A["Browser Use: 89.1%"]
B["Skyvern: 85.85%"]
end
subgraph "Task Type Strengths"
C["Browser Use: Multi-step navigation"]
D["Skyvern: Form-filling tasks"]
E["Stagehand: Hybrid workflows"]
end
A --> C
B --> D
E --> E
style A fill:#d4edda
style B fill:#fff3cd
style E fill:#d1ecf1
Browser Use leads overall with 89.1% on WebVoyager, benefiting from its agent-first architecture that reasons through unexpected situations. Skyvern follows at 85.85%, with particular strength in form-filling tasks where computer vision shines. Stagehand does not publish a single benchmark number because its performance depends on how much of the workflow is handled by deterministic Playwright code versus AI — which is exactly the point of its design.
For reference, OpenAI’s Operator launched in January 2025, achieved 38.1% on OSWorld and 58.1% on WebArena, and was deprecated by August 2025. The pace of change in this space is rapid.
Choosing the Right Framework
The decision between these three comes down to your team’s skills, your use case, and your tolerance for cost versus control.
flowchart TD
A[Start] --> B{"What is your primary language?"}
B -->|Python| C{"How predictable is the workflow?"}
B -->|TypeScript| D{"Do you need fine-grained control?"}
C -->|Highly variable| E["Browser Use"]
C -->|Mostly predictable| F{"Is it form-heavy?"}
F -->|Yes| G["Skyvern"]
F -->|No| H["Browser Use or Skyvern"]
D -->|Yes| I["Stagehand"]
D -->|No| J{"Budget constraints?"}
J -->|Tight budget| K["Stagehand with minimal AI calls"]

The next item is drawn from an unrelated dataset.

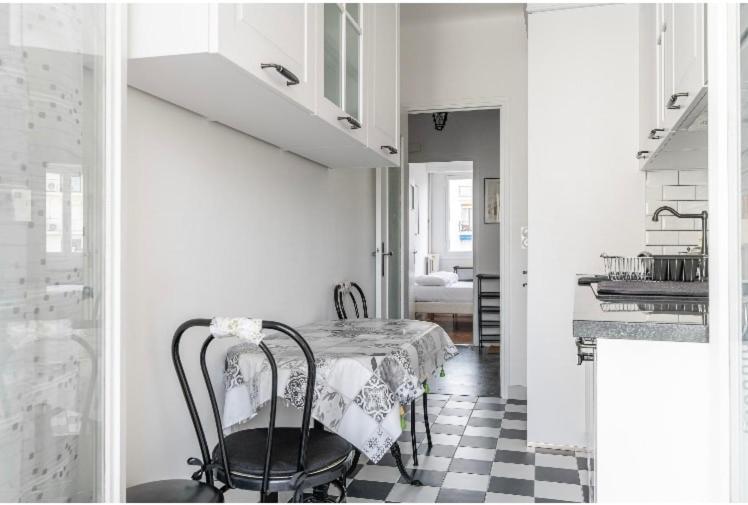 Apartment Center 2 Bedrooms Balcony Air Conditioning Nice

J -->|Flexible| L["Stagehand"]
style E fill:#e6f3ff
style G fill:#fff0e6
style I fill:#f0ffe6
style K fill:#f0ffe6
style L fill:#f0ffe6
Choose Browser Use when:
- You want the agent to handle the entire workflow autonomously
- Tasks are exploratory and you cannot predict exact page structures
- You are building in Python and want the highest benchmark accuracy
- You can tolerate higher latency and LLM costs per task
Choose Stagehand when:
- You have Playwright expertise on your team
- Most of your workflow is predictable with a few ambiguous steps
- You need fine-grained debugging and deterministic test coverage
- You want to minimize LLM API costs by limiting AI calls
Choose Skyvern when:
- Your primary use case involves complex forms and data entry
- You need a no-code option for non-technical team members
- Visual page understanding matters more than DOM structure
- You are building workflows that chain across multiple sites
Cost and Performance Considerations
One factor that often gets overlooked is cost. Every AI call in these frameworks hits an LLM API, and those costs add up at scale.

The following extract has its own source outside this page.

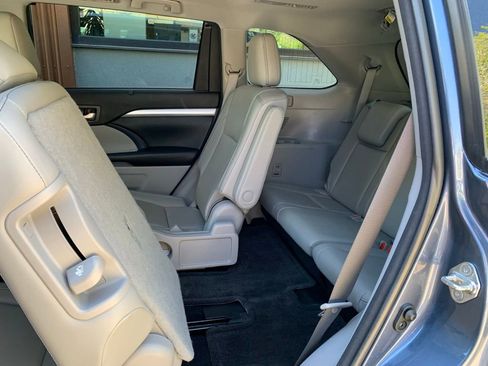 Used 2018 Toyota Highlander XLE FWD image 40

Browser Use makes the most LLM calls because every action in its reasoning loop requires a model inference. A single task involving ten page interactions could trigger 30 or more API calls as the agent observes, decides, and verifies at each step.
Stagehand’s hybrid approach lets you control costs directly. If 80% of your workflow uses deterministic Playwright and only 20% invokes AI, your LLM costs drop proportionally.
Skyvern’s vision-based approach adds image processing costs on top of text-based LLM calls. However, its no-code workflow builder can cut development time, which may offset the higher per-task cost depending on your team’s composition.
Looking Ahead
The browser agent space is moving fast. Google launched Chrome Auto Browse on January 28, 2026, powered by Gemini 3, putting major cloud providers in direct competition with these open-source frameworks. The arrival of big-tech entries validates the approach but raises questions about the long-term positioning of independent tools.
The most effective strategy right now is not to bet on a single framework but to understand the architectural tradeoffs well enough to pick the right tool for each job. An agent-first approach for exploratory research, a deterministic-first approach for production pipelines, and a visual-first approach for form automation can all coexist in the same organization. As the space matures, teams that understand the tradeoffs early will have the easiest time adapting.